(Exercise brief) Please restate exactly the lines from the one holding "Ensemble tapis+ bonnet Kentucky" to the end of the material, including both ends and excluding every picture.

------------------------------------------------------------

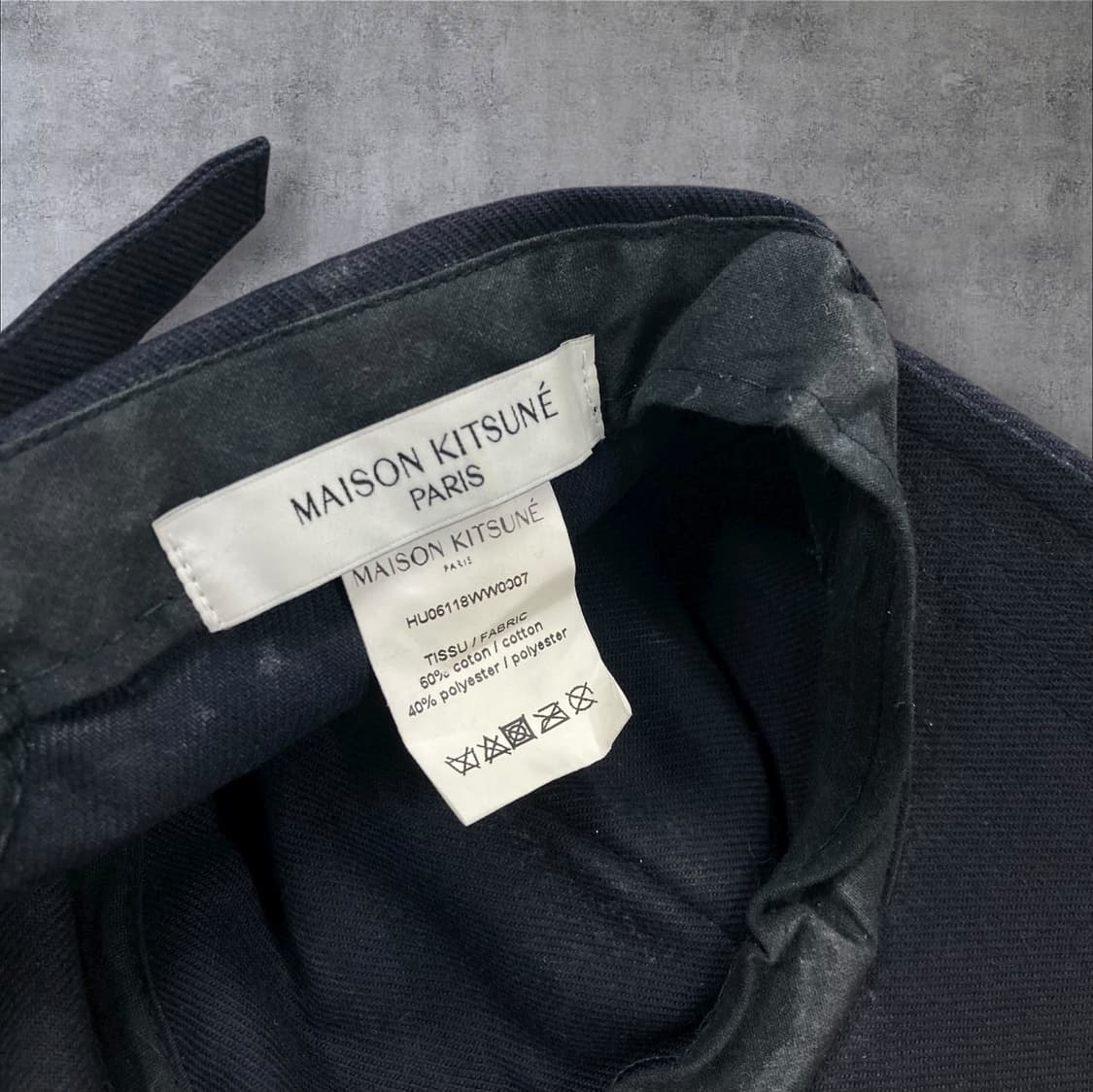 메종키츠네 네이비 컬러 폭스 헤드 자수 로고 볼캡 상품이미지5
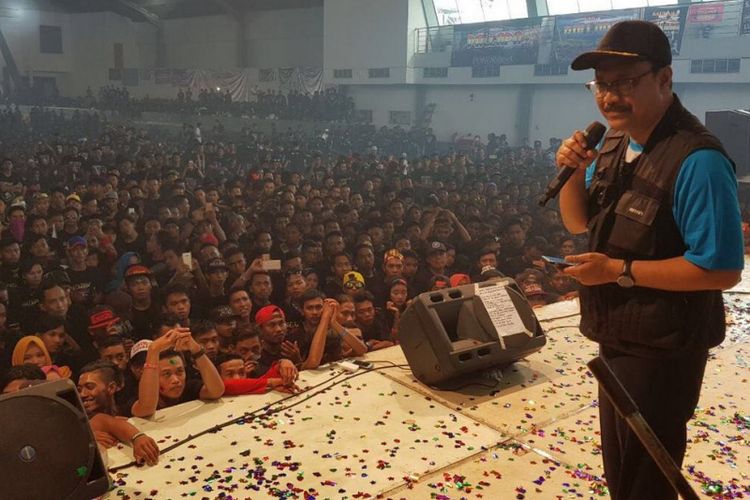 Gus Ipul di atas panggung dangdut temu akbar Saudara New Palapa (SNP) Indonesia di Surabaya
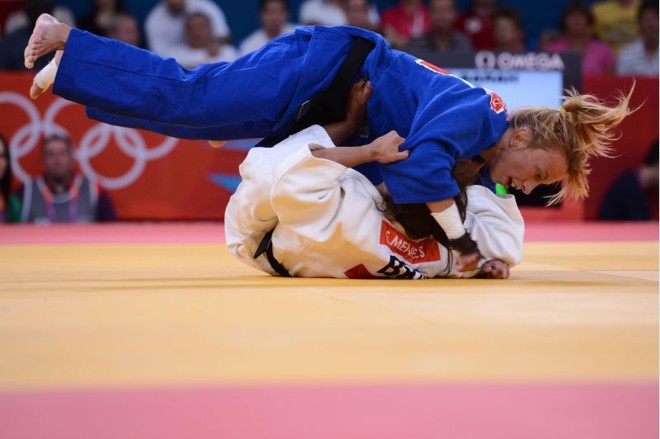 Na semifinal contra a belga Charline Van Snick, vitória por um yuko | 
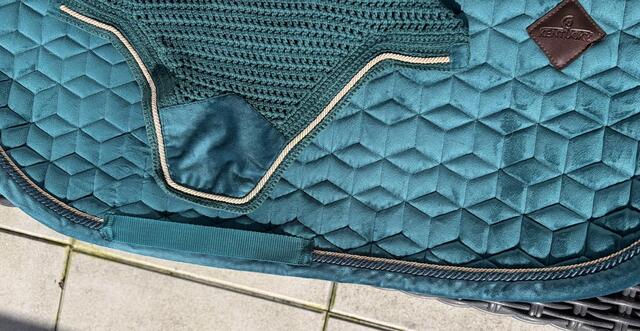 Ensemble tapis+ bonnet Kentucky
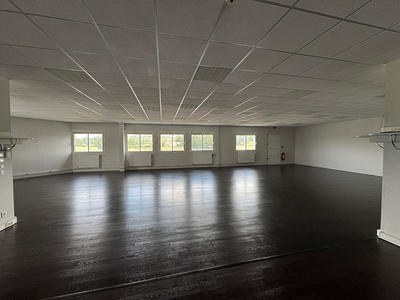 Local commercial - 330 m² - 1 pièce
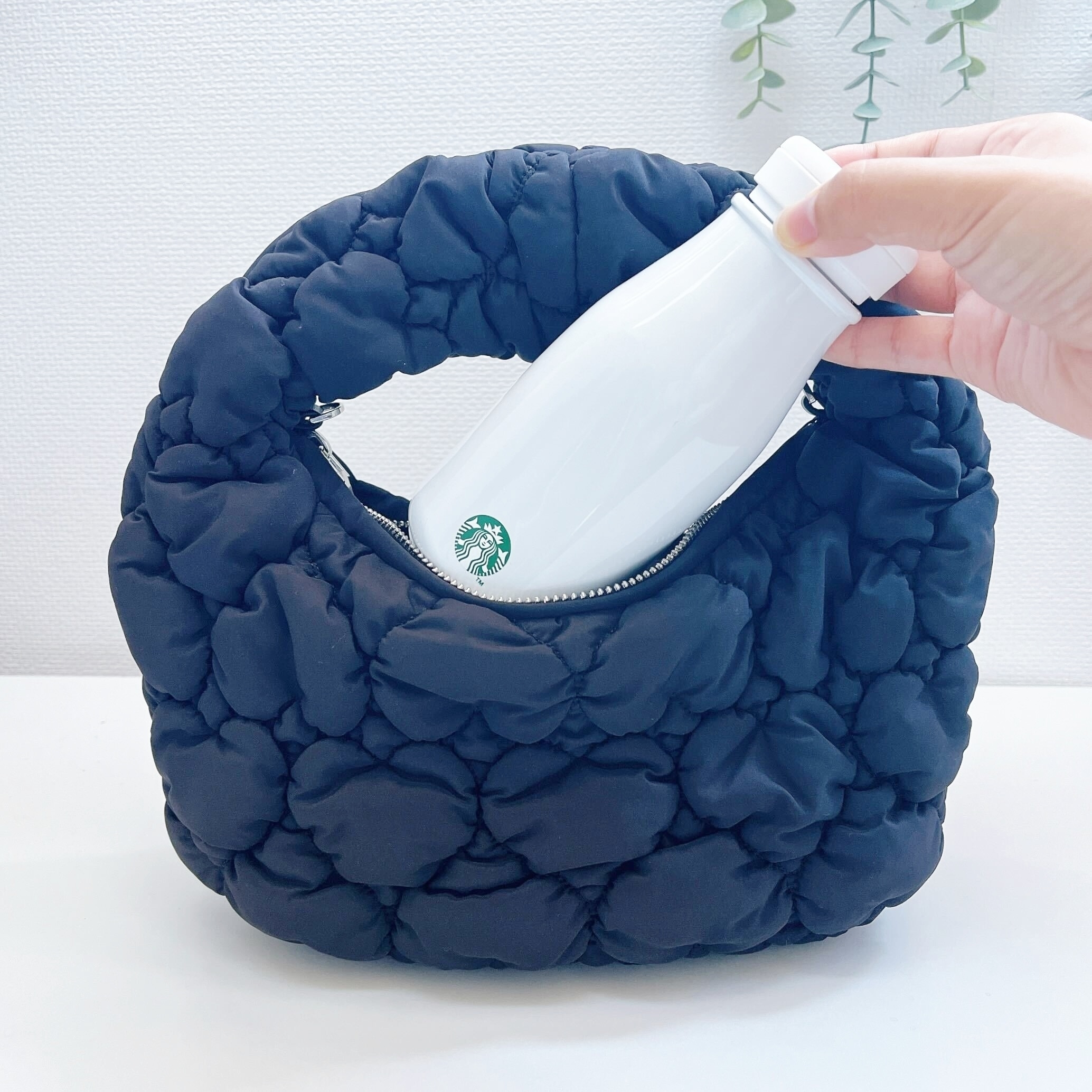 Starbucks Coffee(スターバックスコーヒー)のおすすめグッズ「ステンレスミニボトルホワイト237ml」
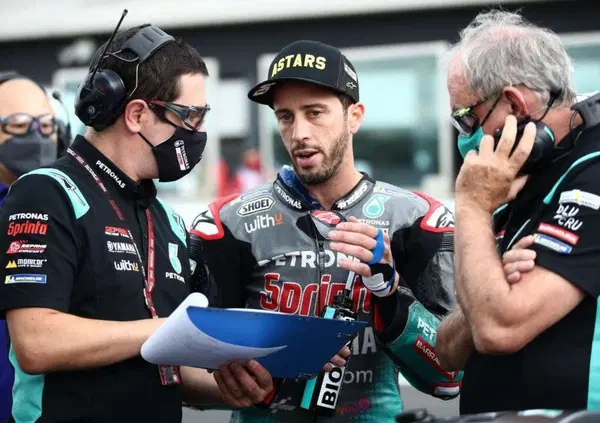 Andrea Dovizioso &egrave; in Yamaha per Fabio Quartararo (che pu&ograve; fidarsi solo di lui). Chicho Lorenzo: "Mai fidarsi!"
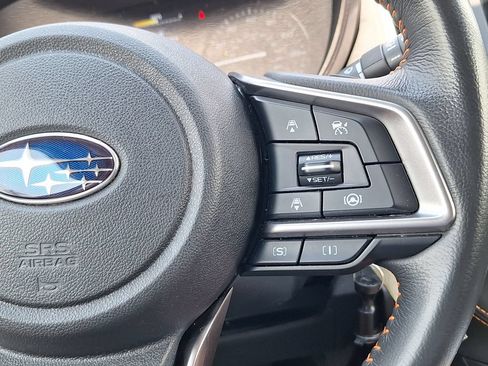 Used 2022 Subaru Crosstrek 2.0i Premium AWD/4WD image 15
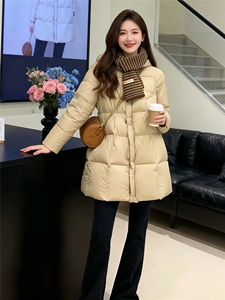 云朵泡芙羽绒服女2025冬季新款高级小个子韩系保暖白鸭绒外套图片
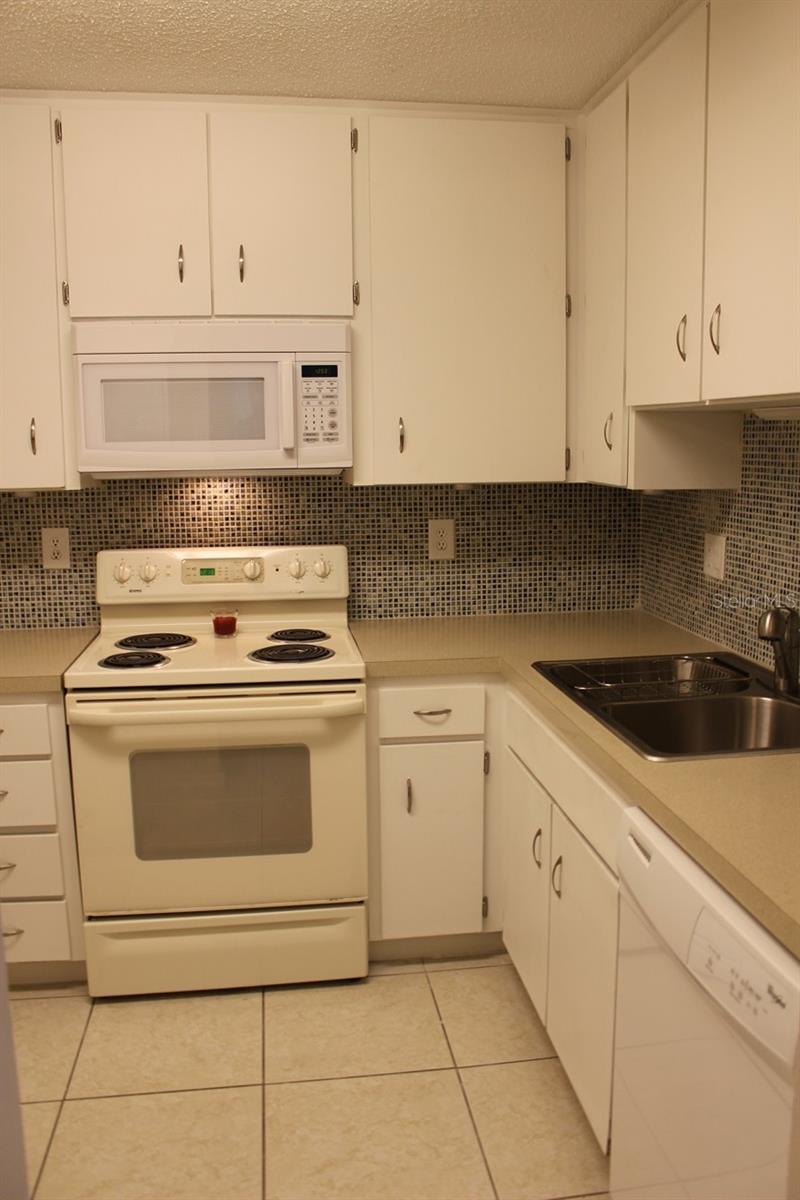 Image 30 of 38 For 2700 Bayshore Boulevard 3103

------------------------------------------------------------

(Exercise answer)
 Ensemble tapis+ bonnet Kentucky
 Local commercial - 330 m² - 1 pièce
 Starbucks Coffee(スターバックスコーヒー)のおすすめグッズ「ステンレスミニボトルホワイト237ml」
 Andrea Dovizioso &egrave; in Yamaha per Fabio Quartararo (che pu&ograve; fidarsi solo di lui). Chicho Lorenzo: "Mai fidarsi!"
 Used 2022 Subaru Crosstrek 2.0i Premium AWD/4WD image 15
 云朵泡芙羽绒服女2025冬季新款高级小个子韩系保暖白鸭绒外套图片
 Image 30 of 38 For 2700 Bayshore Boulevard 3103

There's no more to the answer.